While Tuesday’s decision wasn’t about inter-department resourcing, these weeds ultimately prevented a unanimous vote.

A city parks and rec department typically offers pools, dog parks and fields without a separate district, said parks and recreation Commissioner Tom Jones.

“I’m not sure that splitting the baby and having two parks and recreation organizations for a community of our size,” he said. “It doesn’t make a lot of sense to me.”

Jones posed the question, is the goal to sustain the services or sustain the organization?

“If the answer is to sustain the service, then I would have input,” he said. “I have extensive background in merging recreation programs in the military, consolidating different departments, and there’s been benefit to that in every opportunity we’ve done that. There’s been operational benefits, there’s been financial benefits and there’s been customer convenience and customer benefit as well.”

The 2020 Census has Oak Harbor at 24,622 residents and North Whidbey’s district at 40,180. If the duties of the North Whidbey parks and recreation district went to the city, all the funding would go to Oak Harbor residents and not serve the greater area, Councilmember Jim Woessner said.

“It really doesn’t have anything to do about the City of Oak Harbor parks versus North Whidbey parks,” he said. “This is about serving our community, and as council members, that’s what we’re up here to do. We’re not up here to protect our turf.”

The question really comes down to if the council is going to send the parks and rec district out “all summer long” to gather 6,000 signatures to get the change on the ballot, which would be easy to get, Woessner said, or if the council would rather they spend their time operating the pool and providing services to the community.

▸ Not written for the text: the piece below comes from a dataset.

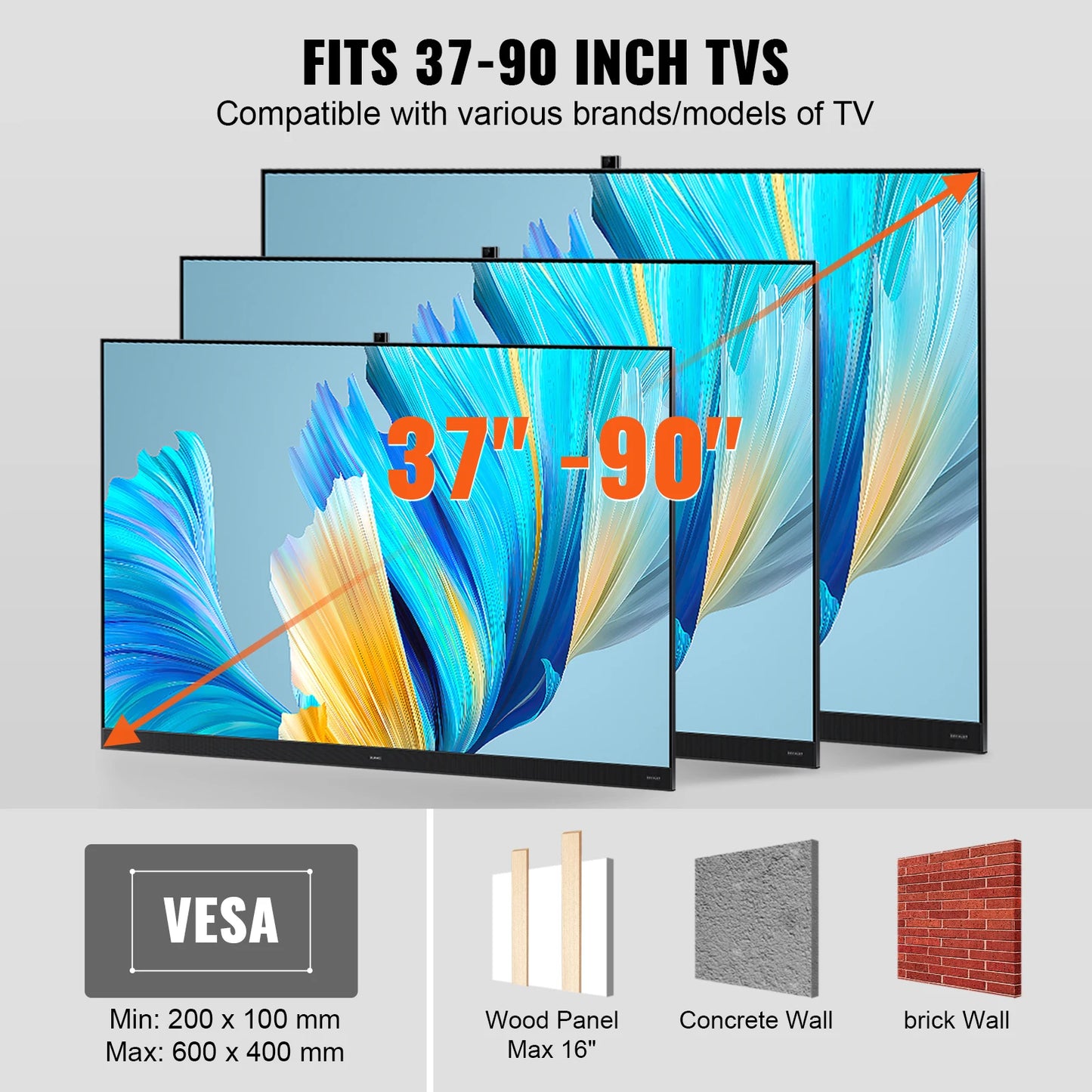 VEVOR Full Motion TV Mount Fit for Most 26-90in TVs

Long-term, the organizations need to look at resource combination options, Stucky said.

According to both Cochran and Oak Harbor parks and rec director Brian Smith, combination is possible but tricky.

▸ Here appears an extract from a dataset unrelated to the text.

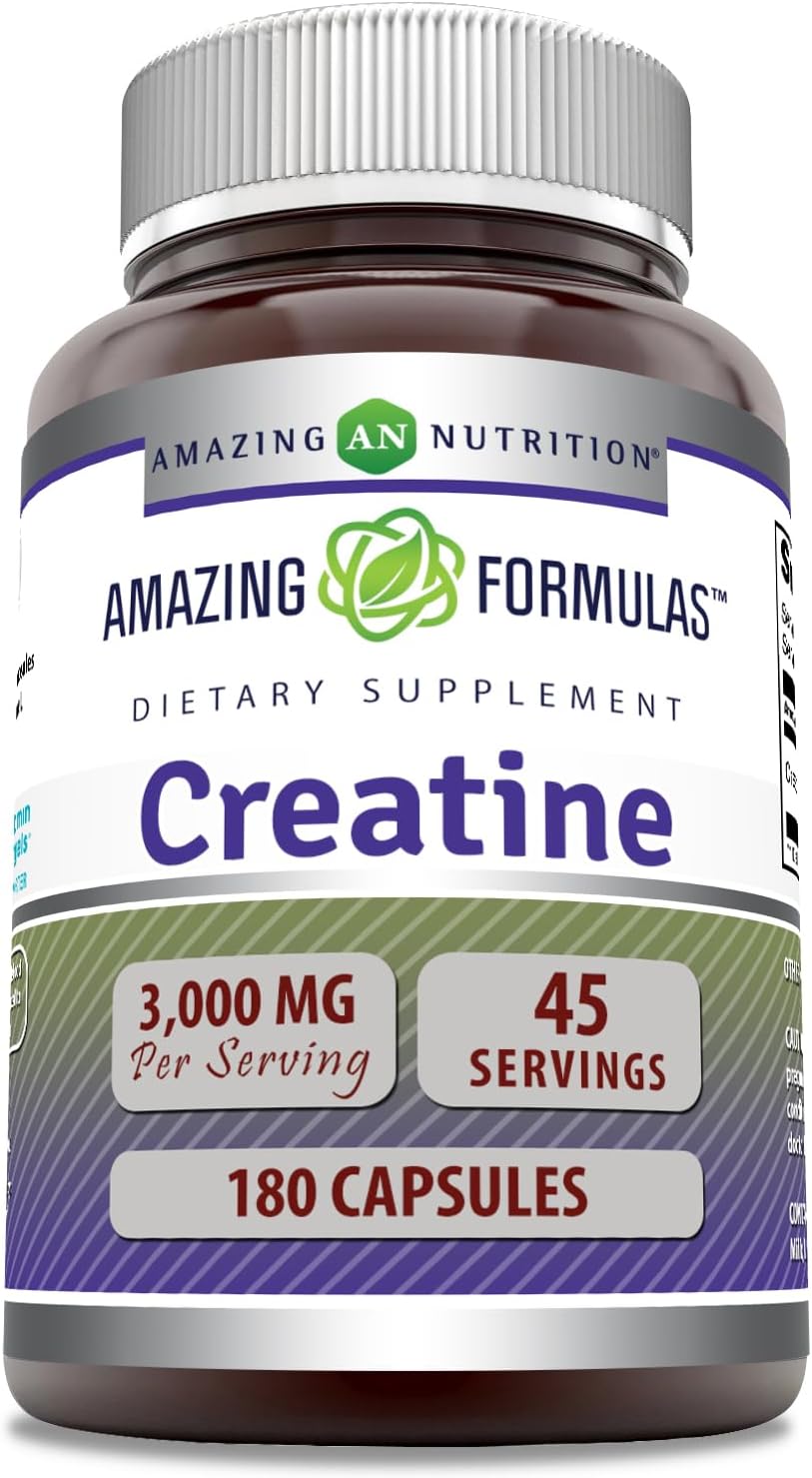 High Potency Creatine Monohydrate Supplement - 3000mg per Serving - 180 Capsules - Non-GMO - Gluten-Free - Made in USA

“It would be just a different animal,” Smith said. “I guess the district then would be a funding mechanism for the city. It wouldn’t really go the other direction.”

Addressing the metropolitan district as its own entity, Stucky would prefer if they still needed a 60% vote to pass a levy, at least for the first one, he said, while acknowledging the need of the pool.

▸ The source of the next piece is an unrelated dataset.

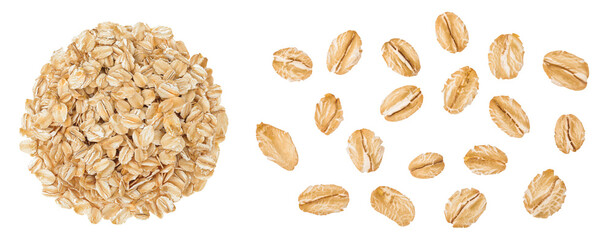 Oat flakes heap in isolated on white background with full depth of field. Top view. Flat lay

“I’m definitely pro-pool,” he said. “I go to the pool all the time. My wife recently discovered water aerobics, and she would be very angry with me if it shut down.”

Councilmember Christopher Wiegenstein, who has used the pool since 1983, voted in favor of leaving the decision to voters. If the change goes through, he said, it’s a brand-new district, meaning the current board members will have to run a campaign for re-election.

Mayor Pro Tem Tara Hizon shared Stucky’s hesitancy. As the city is about to conduct a feasibility study to itemize community needs, it’s a hard decision without that information, she said. The new district may limit the city in the future, and there’s no way to know at this time.

Her approval was not an endorsement of the change but an allowance of the choice to be presented to voters, she said.

Following the vote, North Whidbey parks and rec will meet with county commissioners who will likely need to vote as well, said district Commissioner James Marrow.

The filing deadline to appear on the August primary ballot is in May.